The only caveat: if you suffer from moderate to severe depression or writing of this type can open raw emotions without a proper closure. And therapeutic writing is not recommended immediately after a traumatic event, as you may not yet be ready to deal with the onslaught of emotions that writing can provoke .
The physical benefits of writing
In addition to the mental benefits, writing can even improve physical well-being. Research by Dr. Pennebaker and Dr. Joshua Smyth of Syracuse University suggests that writing about emotions and stress can improve immune function in patients with HIV / AIDS, asthma, and arthritis .

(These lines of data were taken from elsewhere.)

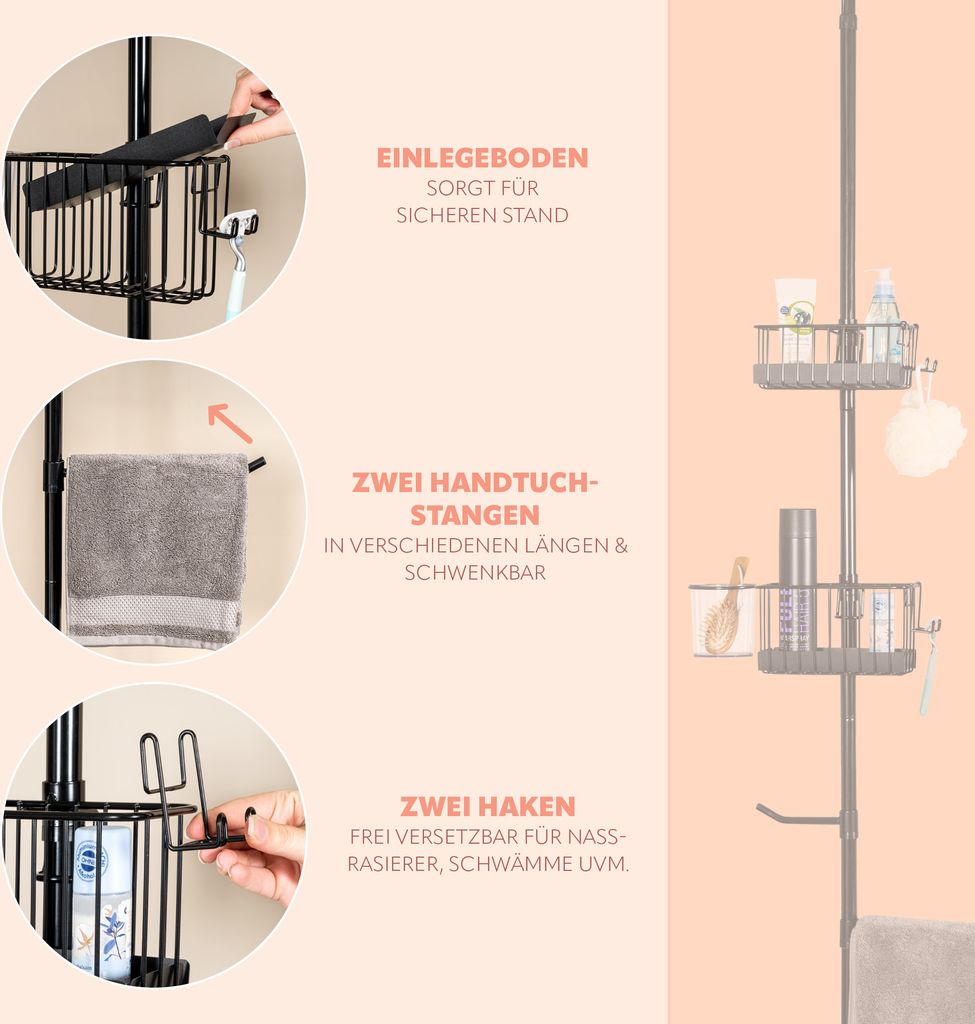 Bremermann Teleskop-Badregal 3 Körbe - Verstellbar Von 140-290 Cm Mit Handtuchstangen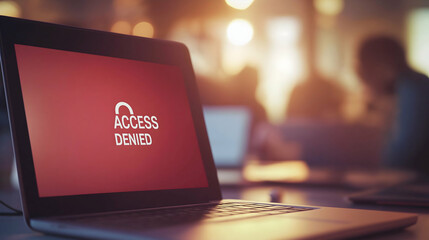 A laptop displays a red screen with the message "ACCESS DENIED," indicating restricted access or security issues in a blurred background environment.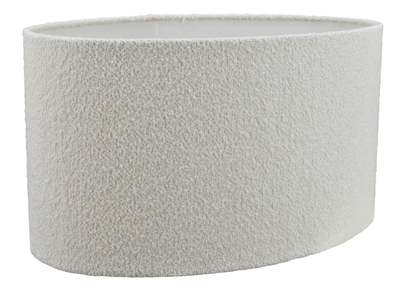 Lampenkap ovaal bouclé blanc
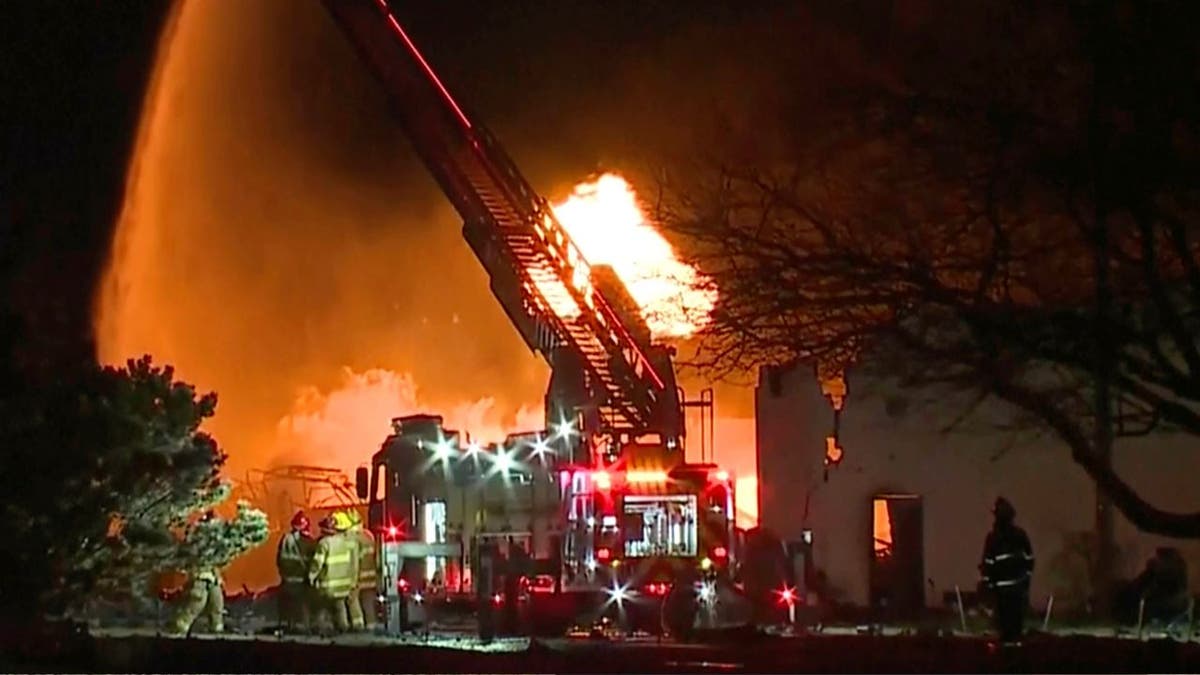 Firefighters battling a blaze in Michigan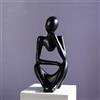 Zimoer Statua Astratta in Resina, Decorazione Moderna per il Soggiorno, Statuette Decorative Pensatore,Ornamenti per Soggiorno, Libreria, Tavolo da Pranzo, Ufficio-Chic e Creativa (Nero)
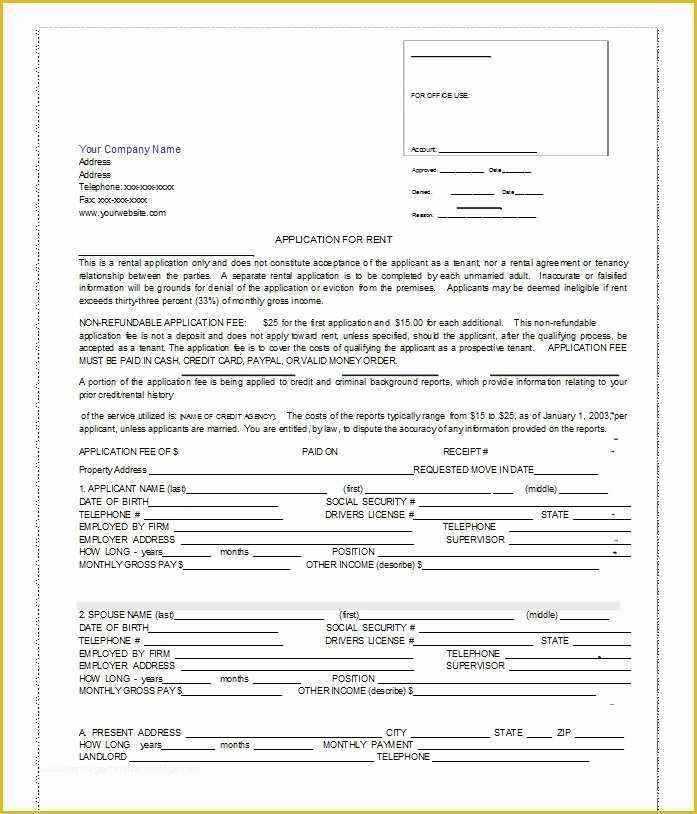 Lease Template for Free Of 42 Free Rental Application forms & Lease Agreement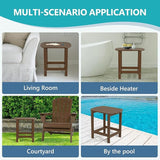 Adirondack Outdoor Side Table - 16.5" Square 2-Tier Patio Table with Weatherproof HDPE Material - Photo 5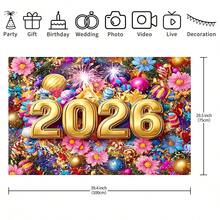 优雅的 2026 新年庆祝背景幕布，饰有金色气球、烟花和花卉图案 - 浅粉色/蓝色/紫色/金色/桃色派对装饰，中心装饰有数字 2026 - 室内/横幅，适用于婚礼、生日、新年、情人节、春/夏/秋季活动，有多种尺寸可供选择。 - 彩色 - 查看 10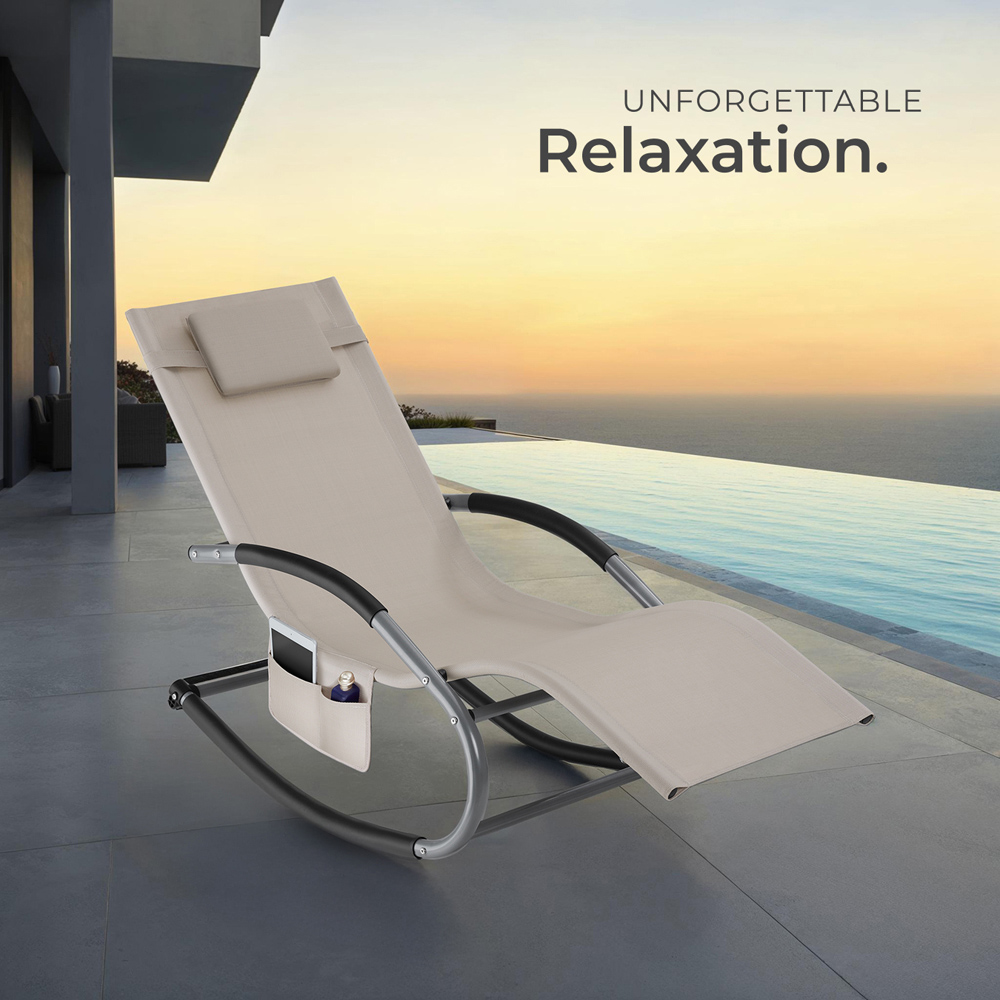 tectake Taya Beige Rocking Sun Lounger Image 8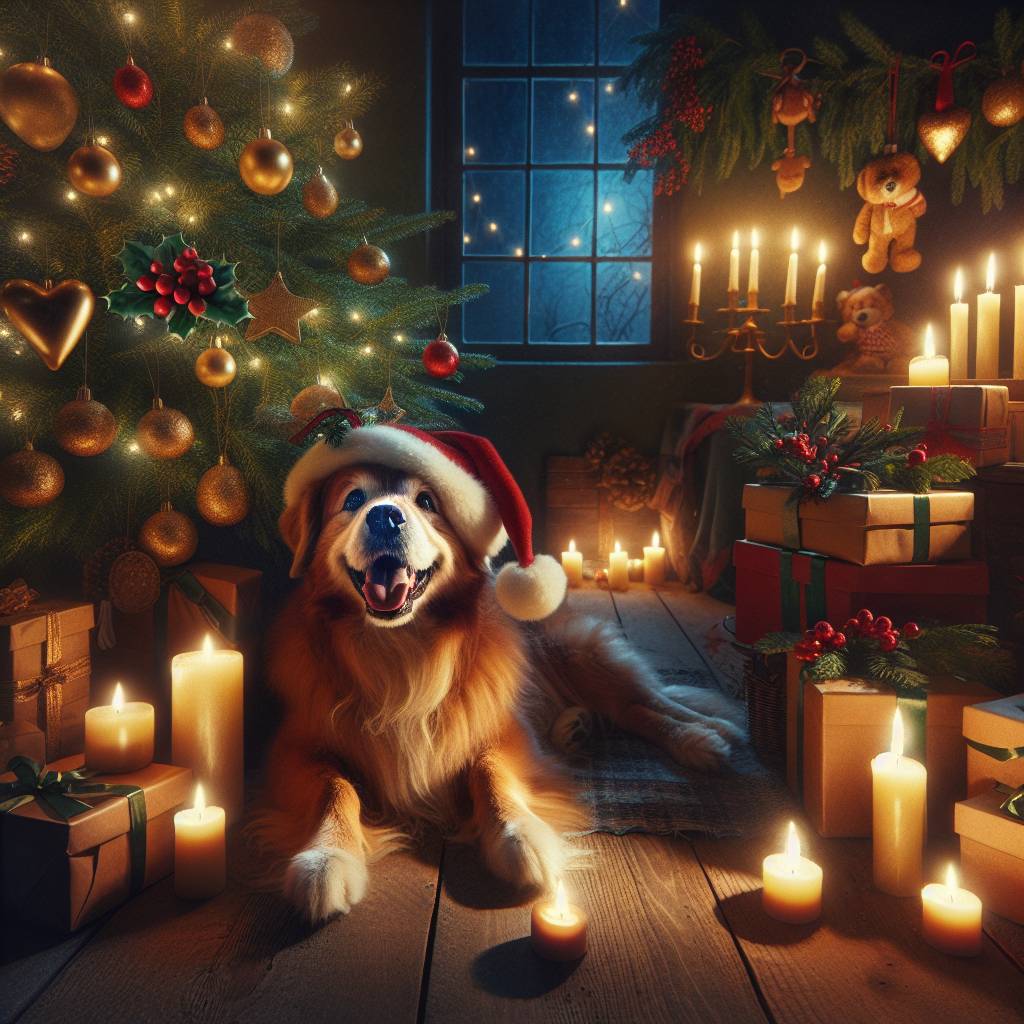 1) Christmas AI Generated Card - tree dog hat candle love (dae92)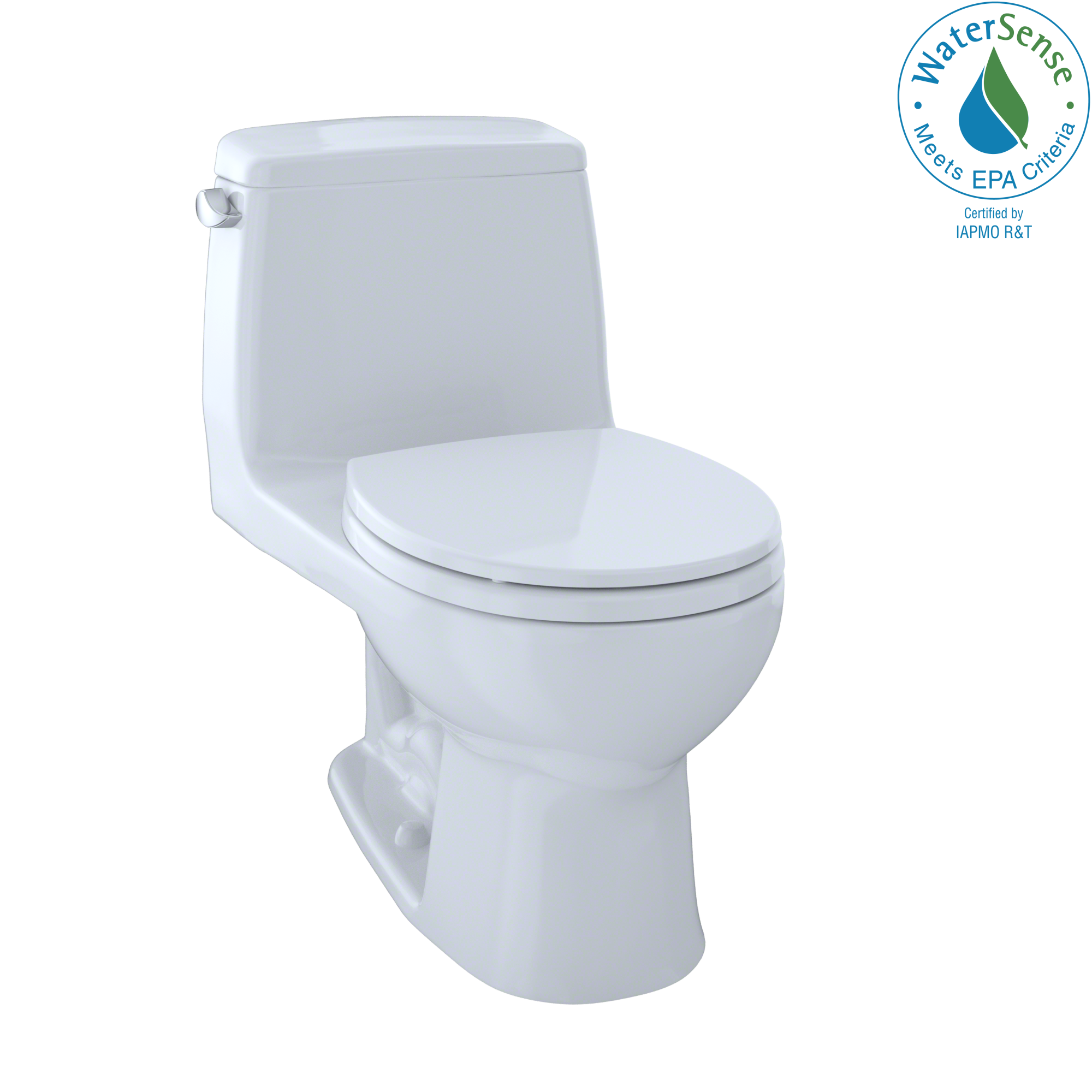 White one-piece round toilet with soft-close seat and matching tank.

There has even been research showing that biopsy wounds heal more quickly in journaling patients.While scientists can’t say exactly how the benefits of therapeutic writing work, the consensus is that writing shouldn’t just be a repetition of the events, but must make attempts to understand and contextualize them .
The writer needs to find meaning in a traumatic memory, as well as feel the related emotions to reap the benefits. People who write words that indicate growth or change from experience such as “because”, “realize”, “understand” tend to do better.
How to start therapeutic writing
If you want to start writing to improve your emotions or try to feel better, you can try the advice that we are going to give you below . If what you want is a therapeutic writing, the ideal is that you go to a professional so that they can monitor how you do it and what are the objectives you intend to achieve or those that the professional considers most appropriate for your specific case.
Try these five steps to get started :
- It doesn’t have to be every day . You don’t have to do it every day, ideally 15 minutes three to four days a week.
- Experiment with the method . There is nothing magical in this … what is important is that you are reflective with the experiences lived and with the emotions felt.
- Find the right place. Find a place to write whenever you want to, that you feel comfortable and safe while doing it. Where you write can affect how you feel about it and whether it “works” or not. The most important thing is to have a quiet place.
- Don’t rewrite what you write at first . Part of the exercise is accessing your feelings and you can’t do this if you are constantly redirecting yourself. Do not go back to cross out what is written and rewrite what you consider to be correct even though it is not what you really feel. If you do this, writing will be of no use to you
- Read again but don’t do it immediately . Once you write you must allow what you have written to “rest” although it is a good idea to go back and see what you have written, but do not get carried away by that. If you read your previous writing before you finish, it can influence what you end up writing.